Both Ajinkya Rahane and Rohit Sharma struggled with the rough. Both play the sweep shot. Played from outside off stump, it is a safe shot as the batsman can cover the line and be assured that the impact would be outside off stump should he miss. Both play the shot hitting down on the ball. In the first innings, Rahane played the sweep early and often. Today, Rohit Sharma was out off the glove at leg gully. Rahane was out bat-pad, though replays showed the ball missed bat and glove on the way to pad. Its not for nothing that they often say that its hard for a new batsman when there is a rough and a spinner is exploiting it. India's spinners know this better than most.

It remains one of the game's greatest contemporary mysteries as to why the Umpire in the TV room can't overrule the Umpire on the field if he sees something clearly wrong. But such is the rule.

Wriddhiman Saha came to the wicket, and perhaps, having seen what happened to Rahane and Rohit Sharma, decided that the only way to play Lyon was to try and hit him out of the attack. He got a four and a six, but then took one chance too many. His wicket was an illustration of just how much of a risk it is to run down the wicket to a spinner, especially that early in one's innings, when the ball is turning.

Perhaps the most interesting aspect of the chase was that at Tea on Day 5, India needed to score at only 4.3 runs per over, in a match in which scoring at 4 was normal.

Virat Kohli was the supreme batsman in the match. Yes David Warner made 2 hundreds. Yes Michael Clarke and his cricketing doppelganger Steven Smith also made centuries. Smith made 214 undefeated runs in the match. But Kohli's runs came against a very good off spinner bowling on a pitch tailor made for him, a genuinely quick, accurate left arm paceman, and two excellent fast bowlers who reverse swung the ball both ways. Against this attack, on this Adelaide pitch, Kohli's mastery was a sight for the Gods.

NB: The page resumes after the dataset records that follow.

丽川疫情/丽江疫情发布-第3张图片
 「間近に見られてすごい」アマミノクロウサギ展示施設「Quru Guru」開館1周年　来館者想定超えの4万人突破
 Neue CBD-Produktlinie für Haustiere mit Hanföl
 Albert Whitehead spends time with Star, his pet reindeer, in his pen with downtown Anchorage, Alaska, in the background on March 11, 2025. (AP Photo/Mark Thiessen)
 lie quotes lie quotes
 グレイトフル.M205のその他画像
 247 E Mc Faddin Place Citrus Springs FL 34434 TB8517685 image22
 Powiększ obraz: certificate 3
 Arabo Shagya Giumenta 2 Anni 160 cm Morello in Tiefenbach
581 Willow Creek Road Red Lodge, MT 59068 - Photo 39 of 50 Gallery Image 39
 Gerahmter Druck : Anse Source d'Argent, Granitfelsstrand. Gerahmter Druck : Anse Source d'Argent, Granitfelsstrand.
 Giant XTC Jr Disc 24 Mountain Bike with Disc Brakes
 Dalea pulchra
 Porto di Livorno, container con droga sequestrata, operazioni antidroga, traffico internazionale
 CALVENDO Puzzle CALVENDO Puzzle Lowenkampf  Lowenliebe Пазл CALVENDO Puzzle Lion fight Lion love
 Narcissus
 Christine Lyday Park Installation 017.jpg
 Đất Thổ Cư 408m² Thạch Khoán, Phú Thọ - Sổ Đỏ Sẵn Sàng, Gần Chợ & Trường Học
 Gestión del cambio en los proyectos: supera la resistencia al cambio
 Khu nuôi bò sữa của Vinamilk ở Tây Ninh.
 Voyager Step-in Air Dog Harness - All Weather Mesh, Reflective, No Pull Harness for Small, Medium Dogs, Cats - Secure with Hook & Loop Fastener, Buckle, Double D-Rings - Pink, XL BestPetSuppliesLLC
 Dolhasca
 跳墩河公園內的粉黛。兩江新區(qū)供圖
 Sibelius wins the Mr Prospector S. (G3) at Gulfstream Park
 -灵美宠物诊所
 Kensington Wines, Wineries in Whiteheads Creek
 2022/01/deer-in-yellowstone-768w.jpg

The ball before he got out, India needed 60 runs in 16.5 overs. Lyon did drop that ball short, but it was towards the end of the over, and Kohli had Karn Sharma at the other end. I wonder, whether Kohli will wake up tomorrow morning wondering if he should have tried to take to easy single instead of taking on the deep mid-wicket fielder. Until then, Kohli had scored 41 in 30 balls after reaching his hundred without putting a foot wrong. Pakistani great Inzamam Ul Haq had the uncanny ability to play exactly the right shot to each ball even as he tried to push the scoring rate along. Kohli, a master of the limited overs run chase, has this ability too. Of his 175th delivery of the day, his judgment failed him.

Could India have held out? Should India have shut shop? They didn't have the means to hold out. Not after Rohit Sharma was out. Rohit played the perfect foil to the marauding Kohli, holding his end up. He did so for 37 minutes in a stand of 35. But once he fell, unable to keep a leaping Lyon special away from the fielders, it was victory or bust.

An old fashioned Test fan might wonder about a Test lost when it might have been saved. No matter, I say. The age demands belligerence. Kohli provided it.

For a while, it looked as though India's stand-in captain and stand-in wicketkeeper might take India to an improbable win. I wonder what India's veteran wicketkeeper-batsman captain would have made of that. Imagine what Kohli might have said. "Here you go skipper, I made two hundreds, and pulled off the highest successful chase in the 130 year history of the Adelaide Oval. Your replacement played a crucial hand too. Now you can take my spot as captain, and Saha's spot as keeper. No pressure!"

It wasn't to be.  364 turned out to be 50 runs too many. Had India conceded runs at Australia's rate, they would have ended up with 7 runs more than Australia in the match. India batted 14 overs more than Australia did at Adelaide. It is a measure of how poor their bowling was, that they still lost by 48 runs.

No matter. Rohit Sharma is a readily available scapegoat. And Virat Kohli is a batsman of rare ability.